Ige Olatokoumbo, ancienne représentante résidente du Haut Conseil des Droits de l’Homme (HCDH) au Togo

Ceci est la résultante d’une étude réalisée en 2018 et qui révèle que 96,4% des femmes responsables d'entreprises évoluent dans l'informel.

"L’étude a démontré que ces 96,4% de femmes responsables d'entreprises ont un chiffre d'affaires avoisinant 34 milliards de francs CFA. Ce qui échappe à la comptabilité nationale", déplore Claudine Otimi, administrateur civil, fonctionnaire au ministère de l'action sociale, de la promotion de la femme et de l’alphabétisation.

"En cette année 2019, des statistiques qu'on a obtenues du CFE, sur 100 entreprises créées, 22 seulement appartiennent aux femmes. Est-ce à dire que les femmes ne créent pas d'entreprises, si, elles en créent. Mais ses entreprises n'ont pas d'existence légale.

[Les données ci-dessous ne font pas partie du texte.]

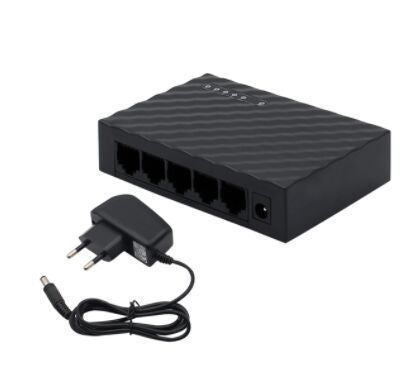 Gigabit Home Switching Ethernet Network Hub with 5 Ports Distributor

Il n'y a pas d'enregistrement au niveau fiscal, pas d'enregistrement au RCCM. Il n'y a pas de statistiques qui démontrent les activités qu'elles font et ça saque l'économie Togolaise", renchérit Ayélé Ekue-Amegnran, fonctionnaire au ministère de commerce.

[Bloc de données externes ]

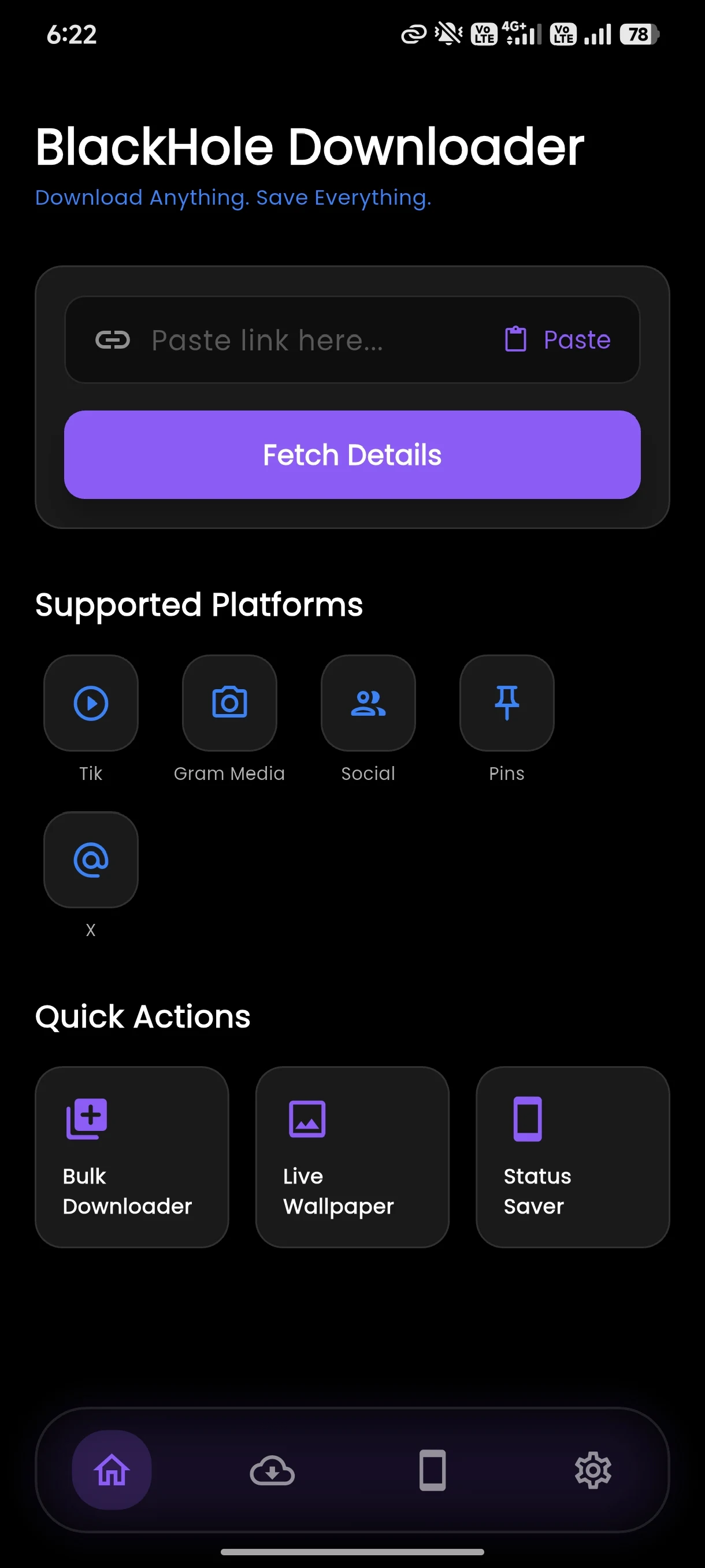 Blackhole Downloader screenshot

Ekue-Amegnran, fonctionnaire au ministère de commerce

Comme Ige Olatokoumbo, ancienne représentante résidente du Haut Conseil des Droits de l’Homme (HCDH) au Togo, ces deux fonctionnaires invitent de ce pas, toutes les femmes évoluant dans l’informel à formaliser leur entreprise afin de pouvoir saisir les opportunités qu'offre le gouvernement en faveur de la promotion du secteur privé.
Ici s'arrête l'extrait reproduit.